Content starts
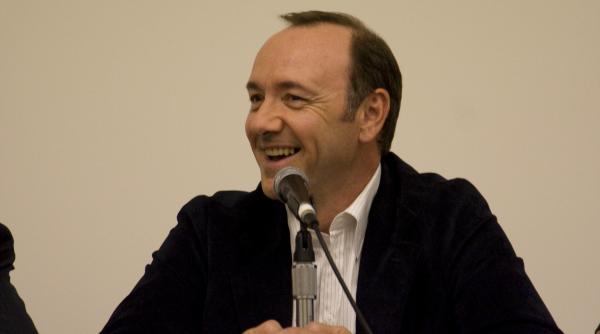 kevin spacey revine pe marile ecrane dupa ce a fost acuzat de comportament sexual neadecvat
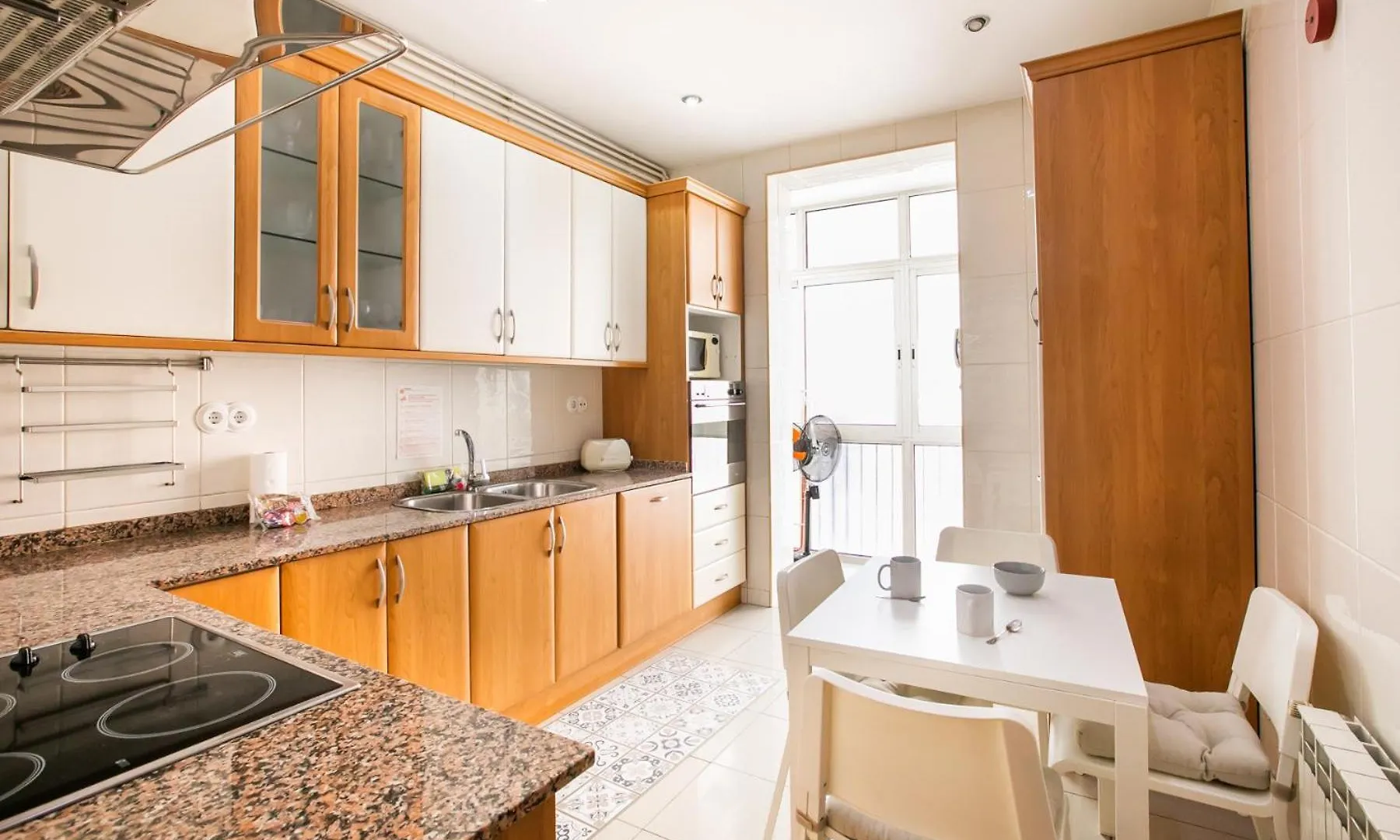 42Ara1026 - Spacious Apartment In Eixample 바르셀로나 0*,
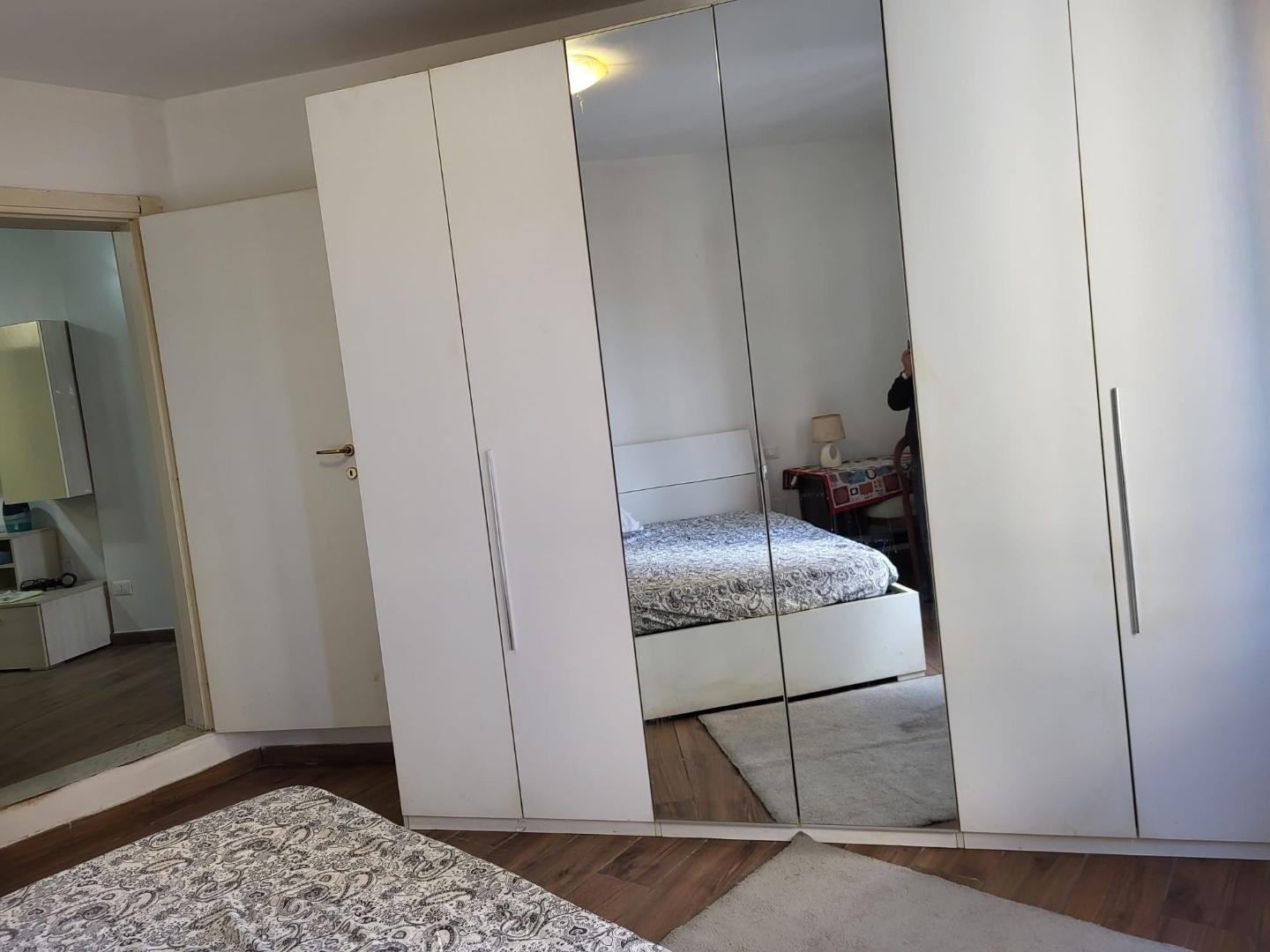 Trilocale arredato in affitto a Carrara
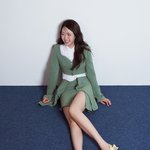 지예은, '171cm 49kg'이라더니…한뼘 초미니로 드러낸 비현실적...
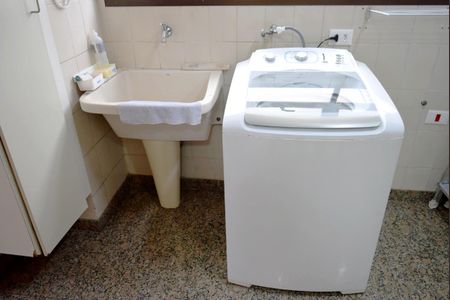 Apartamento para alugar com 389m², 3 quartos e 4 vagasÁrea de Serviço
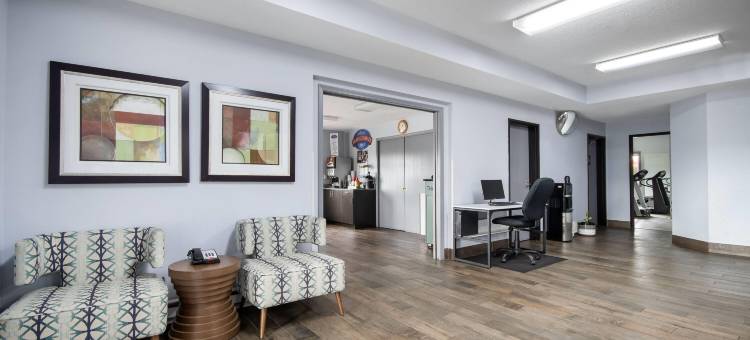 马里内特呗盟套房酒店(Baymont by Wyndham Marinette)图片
Content ends
Content starts
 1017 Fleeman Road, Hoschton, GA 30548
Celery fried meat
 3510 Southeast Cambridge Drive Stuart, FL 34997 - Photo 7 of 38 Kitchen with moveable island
Content ends
**YOUR ASSIGNMENT**
Within the material above, transcribe exactly the lines that run from the line holding "1017 Fleeman Road, Hoschton, GA 30548" through the line holding "3510 Southeast Cambridge".

**ANSWER FOR THIS EXERCISE**
 1017 Fleeman Road, Hoschton, GA 30548
Celery fried meat
 3510 Southeast Cambridge Drive Stuart, FL 34997 - Photo 7 of 38 Kitchen with moveable island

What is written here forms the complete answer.